Below is the hive level architecture of Hive:
In Hive distribution, we can find the below components majorly.
- CLI — Command Line Interface. It is the most common way of interacting with Hive. (Hive shell) This is the default service.
- HWI — Hive Web Interface. It is an alternative to the shell for interacting with hive through web browser.
- JDBC/ODBC/Thrift Server — These are provide programmatic access to Hive server. Applications using Thrift, JDBC, and ODBC connectors need to run a Hive server to communicate with Hive. HIVE_PORT environment variable need to be specified with the available port(defaults to 10,000) number to let the server listen on.
- Driver — Driver compiles the input commands and queries, optimizes the
computation required, and executes the required steps with MapReduce jobs.
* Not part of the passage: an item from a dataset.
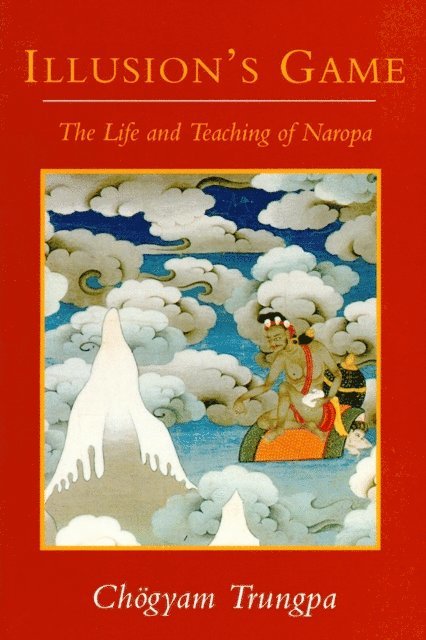 Chogyam Trungpa - Illusion's Game, E-bok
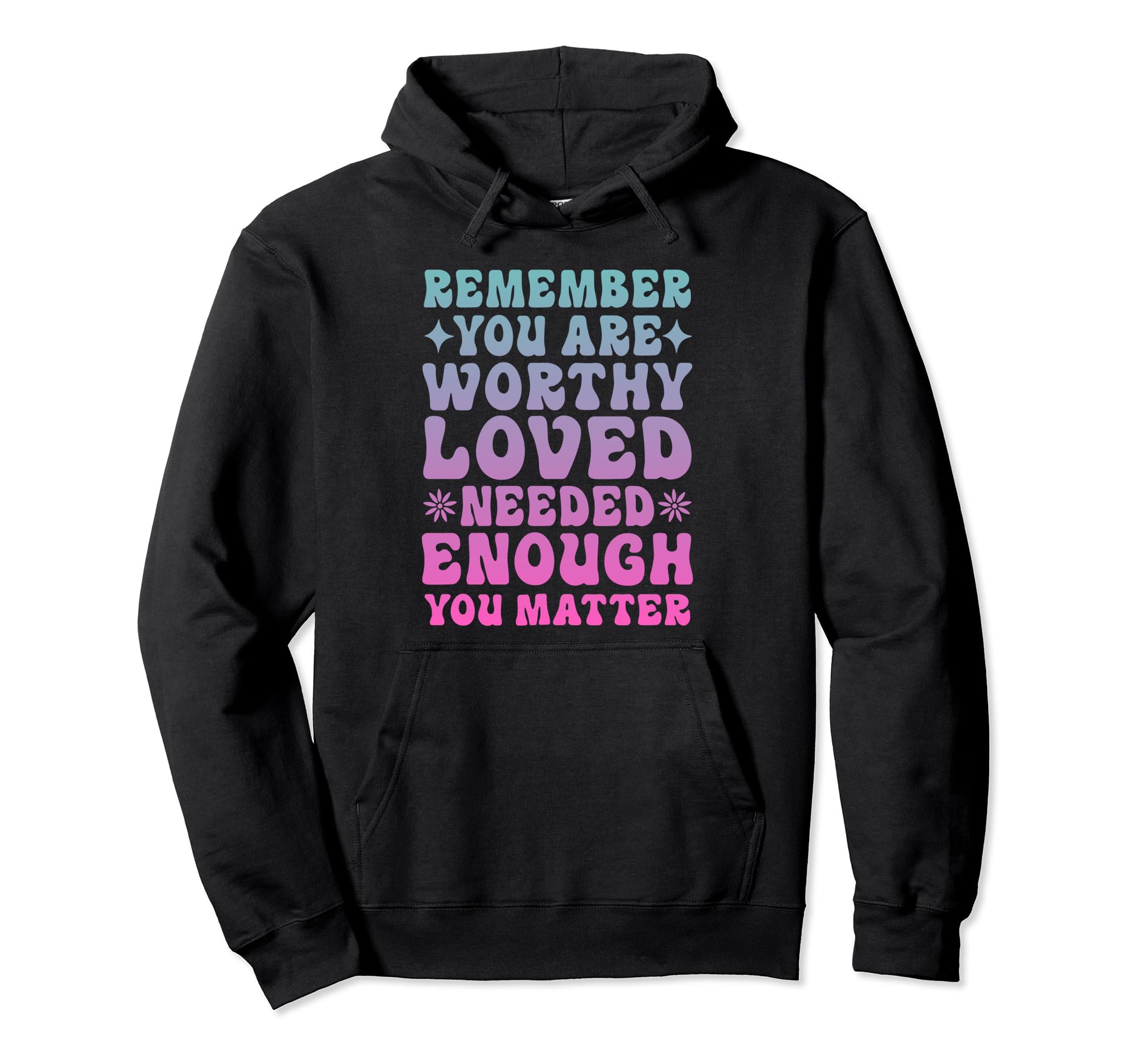 Mental Health Matters You Are Enough Hoodie - Fun Novelty Design Unisex - T-Shirt, Sweatshirt, Hoodie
- Metastore — The metastore is the central repository of Hive metadata. The metastore is divided into two pieces: a service and the backing store for the data. By default, the metastore is run in the same process as the Hive service. Using this
service, it is possible to run the metastore as a standalone (remote) process. Set the
METASTORE_PORT environment variable to specify the port the server will listen on
- Job Tracker — Hive communicates with the Job Tracker to initiate the MapReduce jobs. Hive does not have to be running on the same master node with the JobTracker.
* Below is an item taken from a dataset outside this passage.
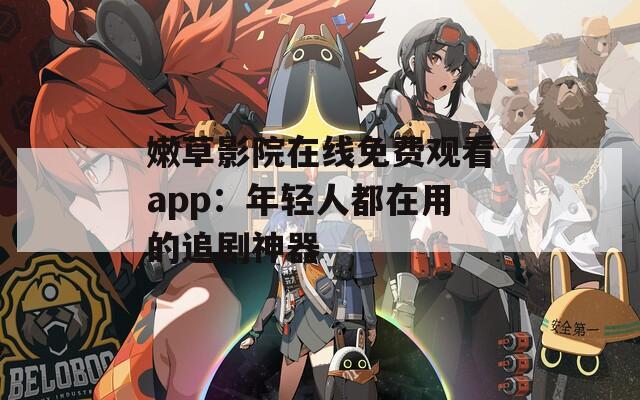 嫩草影院在线免费观看app：年轻人都在用的追剧神器  第1张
- Namenode — The data files to be processed are in HDFS, which is managed by the NameNode
Below are the three main clients that can interact with Hive Architecture.
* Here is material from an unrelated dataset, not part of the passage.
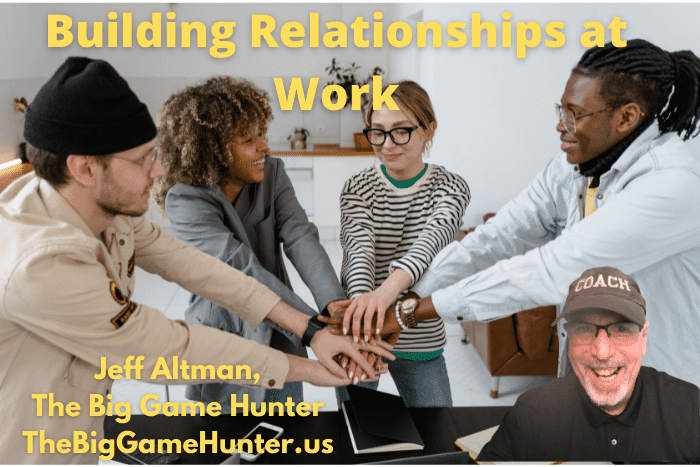 Building Relationships at Work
Thrift Client: Hive Thrift Client can run Hive commands from a wide range of programming languages. Thrift bindings for Hive are available for Java, Python, and Ruby.
JDBC Driver: Hive provides a JDBC driver, defined in the class
org.apache.hadoop.hive.jdbc.HiveDriver. When configured with a JDBC URI of
the form jdbc:hive://host:port/dbname , a Java application will connect to a Hive
server running in a separate process at the given host and port.
We may alternatively choose to connect to Hive through JDBC in embedded mode using the URI jdbc:hive://. In this mode, Hive runs in the same JVM as the application
invoking it, so there is no need to launch it as a standalone server since it does not
use the Thrift service or the Hive Thrift Client.
ODBC Driver: Hive ODBC Driver allows applications that support the ODBC protocol to connect to Hive. Like the JDBC driver, the ODBC driver uses Thrift to communicate with the Hive server.